The maker of Cholestin, a dietary supplement that targets cholesterol, can continue to import a key ingredient pending a resolution of its legal dispute with the Food and Drug Administration.

U.S. District Judge Dale A. Kimball issued that ruling Tuesday afternoon in Salt Lake City, saying Pharmanex Inc. could be forced out of business if the FDA ban on the import of red yeast rice isn't lifted.Pharmanex, a California-based company that encapsulates the Cholestin product in Farmington, has battled the FDA in federal court since April 1997. It has also taken its case to the court of public opinion with a public relations blitz and a flurry of press releases that have generated national news coverage.

At issue is where Cholestin's key ingredient, mevinolin, is a naturally occurring product or the equivalent of the synthetic drug lovastatin contained in Merck's prescription drug Mevacor.

The legal battle between Pharmanex and the FDA is being billed as the first test of the Dietery Supplement Health Education Act of 1994. Co-sponsored by Sen. Orrin Hatch, R-Utah, the act governs the sale and marketing claims of natural food products as dietary supplements rather than drugs. Dietary supplements are a $1 billion industry in Utah.

Pharmanex imports tons of red yeast rice from China each year for the production of its cholesterol inhibitor, which is sold in 35,000 stores throughout the country. Cholestin is primarily intended for consumers with moderately high cholesterol levels - 200 to 240 - where prescription treatments may not be warranted.
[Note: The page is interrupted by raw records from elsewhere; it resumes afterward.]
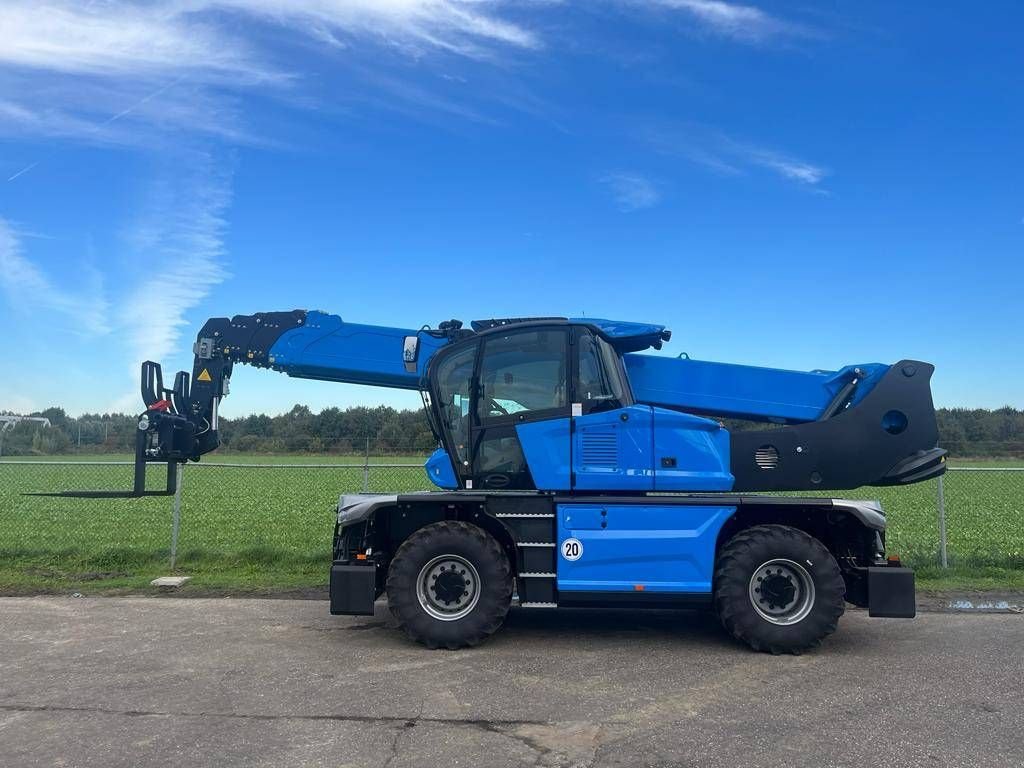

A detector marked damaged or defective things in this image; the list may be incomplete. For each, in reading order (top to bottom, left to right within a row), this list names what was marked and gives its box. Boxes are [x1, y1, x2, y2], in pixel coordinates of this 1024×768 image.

cracked concrete slab [0, 602, 1019, 768]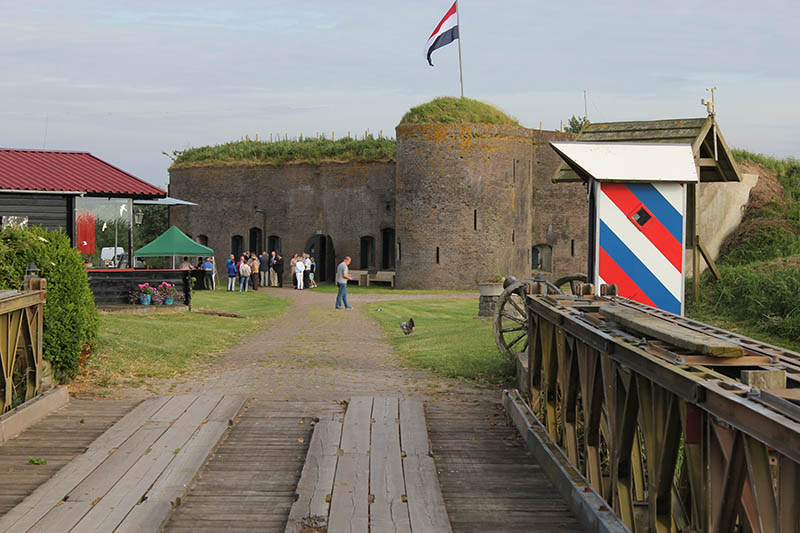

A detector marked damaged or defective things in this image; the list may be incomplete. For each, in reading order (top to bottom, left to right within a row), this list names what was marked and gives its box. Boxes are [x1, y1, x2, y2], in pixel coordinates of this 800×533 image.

rusted metal railing [0, 278, 46, 412]
rusted metal railing [520, 286, 796, 532]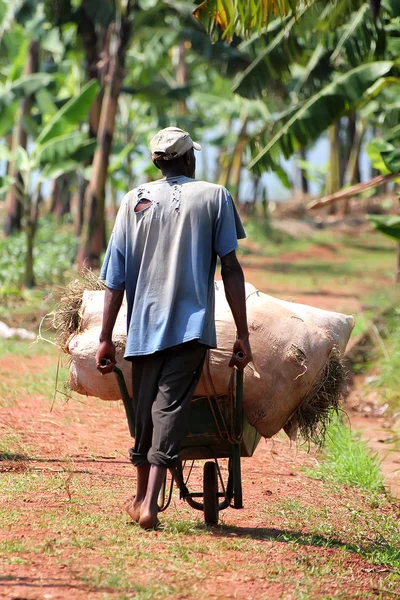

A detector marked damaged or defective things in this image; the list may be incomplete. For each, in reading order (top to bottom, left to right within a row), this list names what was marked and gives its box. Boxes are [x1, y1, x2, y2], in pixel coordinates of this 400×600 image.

torn t-shirt [100, 176, 245, 358]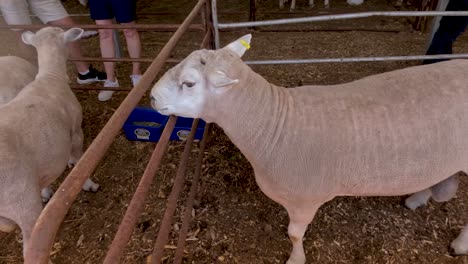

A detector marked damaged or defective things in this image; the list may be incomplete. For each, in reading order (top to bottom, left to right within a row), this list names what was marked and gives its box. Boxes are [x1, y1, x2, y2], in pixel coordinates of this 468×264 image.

rusty metal bar [25, 0, 207, 262]
rusty metal bar [103, 116, 177, 264]
rusty metal bar [152, 119, 199, 264]
rusty metal bar [173, 122, 211, 262]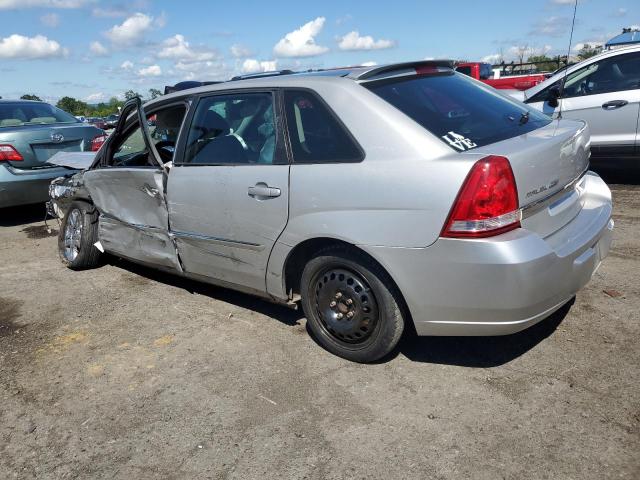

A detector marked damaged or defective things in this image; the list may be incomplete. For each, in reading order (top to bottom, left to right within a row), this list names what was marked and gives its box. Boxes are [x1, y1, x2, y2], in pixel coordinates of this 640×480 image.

broken side panel [84, 168, 181, 274]
damaged silver car [51, 63, 616, 362]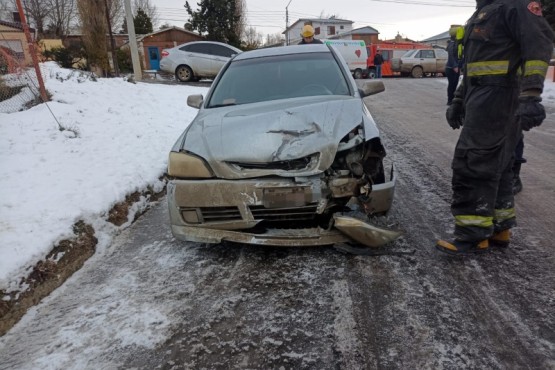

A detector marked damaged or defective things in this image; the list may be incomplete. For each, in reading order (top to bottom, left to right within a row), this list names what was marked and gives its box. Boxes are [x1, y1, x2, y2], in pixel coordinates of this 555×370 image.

cracked bumper piece [167, 172, 398, 247]
damaged silver sedan [168, 44, 400, 249]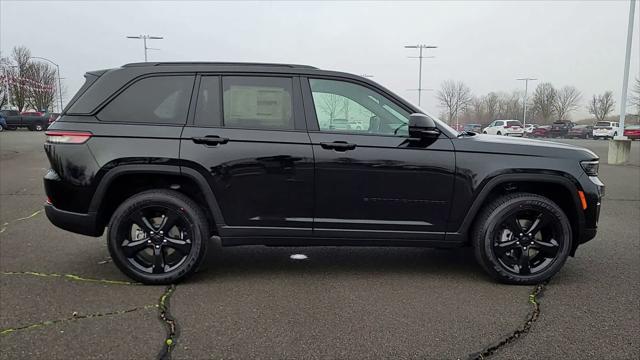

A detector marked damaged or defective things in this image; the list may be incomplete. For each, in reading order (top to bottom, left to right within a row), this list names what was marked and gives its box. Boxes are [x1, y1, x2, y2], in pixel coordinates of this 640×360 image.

Company officials say Cholestin is made entirely of the red yeast rice through a natural fermentation process that dates back hundreds of years. They note it is also used in sake and other food products long available in the United States.

But the FDA contends the yeast in Cholestin is not the traditional strain but rather a lovastatin. On May 20, the agency declared it an unapproved drug and barred further imports of the red yeast rice. That brought the two sides back to court on Monday, with Pharmanex arguing the FDA ban threatened its survival and violated the 1994 act.

In his order lifting the FDA ban, Kimball noted the FDA "has never at any time considered issues of safety to be implicated in this matter." And with safety not an issue, Pharmanex would likely suffer greater harm if the ban remained in effect, he said.

The judge said Pharmanex had raised "substantial and serious questions" regarding the FDA's interpretation of the term "article approved as a new drug" in the 1994 act. The FDA reads "article" to mean an active ingredient in an approved drug product.

"This question merits further consideration as do the questions of whether FDA's factual findings with respect to the composition, manufacture and marketing of Cholestin and with respect to red yeast rice and the historical marketing thereof are arbitrary and capricious," Kimball added.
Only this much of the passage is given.